La ciudad

Primero, relájese. La ciudad es sólo un fluido circular, y usted no puede hacer nada por impedirlo. Lo razonable consiste en no ponerse nervioso y votar a un buen alcalde, sin caer en la ordinariez de formular negros presagios o de lloriquear por los tiempos que corren. Hay que ser un pesimista estético, no un vulgar pesimista a la moda. La vida está maravillosa. Ahora anda todo el mundo con un apocalipsis de pilas en el bolsillo, hablando de calamidades ciudadanas, de terrores callejeros o de salvajadas de asfalto. Alguien nos quiere vender el invento de la huida al campo con el sueño de una granja en un horizonte de lechugas y vacas meleras. No caiga usted en la trampa. Al campo no hay que ir hasta que no esté todo asfaltado. Aparte de que si uno se da una vuelta por allí podrá comprobar enseguida que todos los labradores están siempre cabreados. No debe de ser tan bueno como dicen. Las blasfemias más agudas, tradicionalmente, las sueltan quienes viven en un paisaje encantador, en medio de coles y berenjenas.Lao-Tse, en el siglo VI antes, de Cristo, ya echaba de menos la vida placentera de antaño, deploraba la inseguridad en las plazas y andaba liado con la crisis. Marcial, Juvenal, Horacio y Virgilio maldecían la contaminación de las calles de Roma y le daban coba a Mecenas para que les comprara una villa fuera de la ciudad. En Calatayud o en la playa de Ostia, una manía dominguera que no ha cesado. Los anacoretas y los santos llorones de la época gótica dieron mucha lata con el mito del desierto. Hasta el renacentista fray Luis incitó a la gente a huir del mundanal ruido. Imagínese qué ruido. Cuatro campanadas, dos martillazos del herrero y el grito de un afilador.

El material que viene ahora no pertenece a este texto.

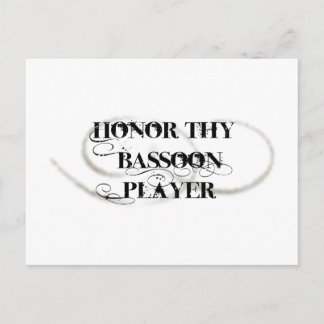 Postal Honor Thy Bassoon Player
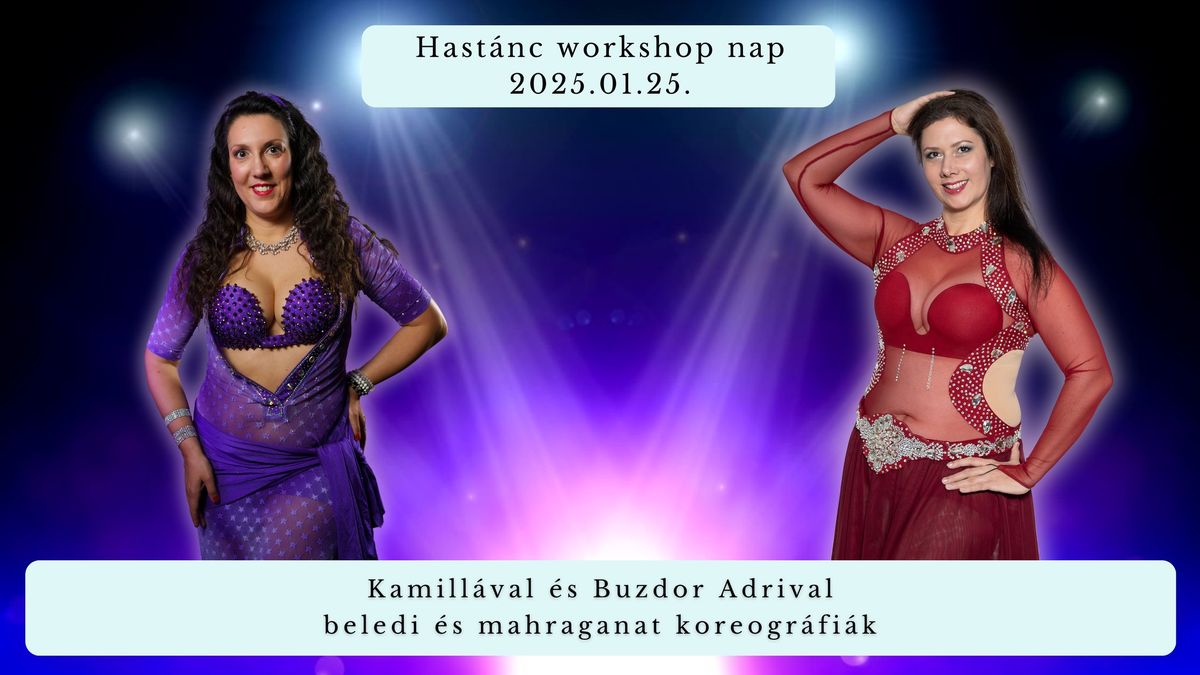 Hast\u00e1nc workshop nap Kamill\u00e1val \u00e9s Buzdor Adrival Budapesten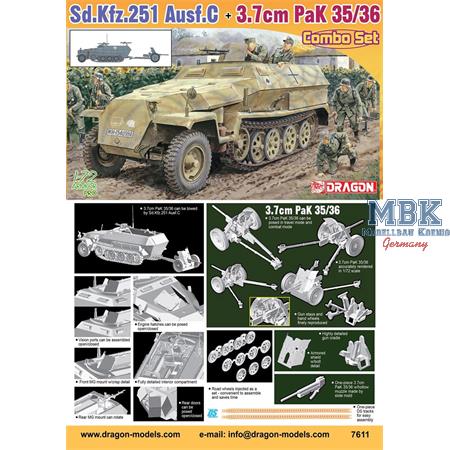 Sd Kfz 251 Ausf C + 3,7cm PaK 35/36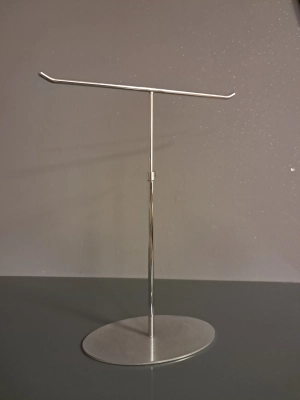 Espositore per borse cromato con doppio appoggio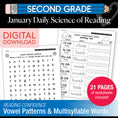 Load image into Gallery viewer, Printable Second Grade January Daily Science of Reading
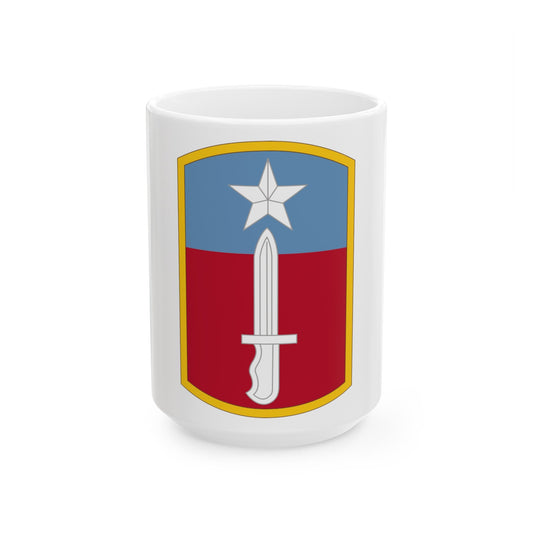 205TH INFANTRY BRIGADE (U.S. Army) White Coffee Mug-15oz-The Sticker Space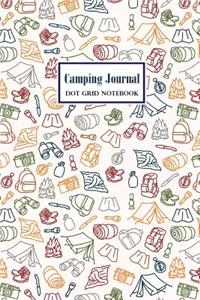 Camping Journal Dot Grid Notebook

Las lágrimas por el pasado y la moderna ansiedad de vivir entre el ganado sólo es un deseo de volver al claustro materno, propio de gente débil. Y además, ya me contará qué hace un hombre tan mayor y elegante como usted en el vientre de su madre, vestido con abrigo.
La ciudad es la placenta más excitante, aunque la crisis nos deje sin calefacción y vuelvan los sabañones. A un señor de su tamaño no deben asustarle los navajeros ni los sabañones. Luis XV también los tenía, y eso no le impidió ser fabricante de unos magníficos tresillos.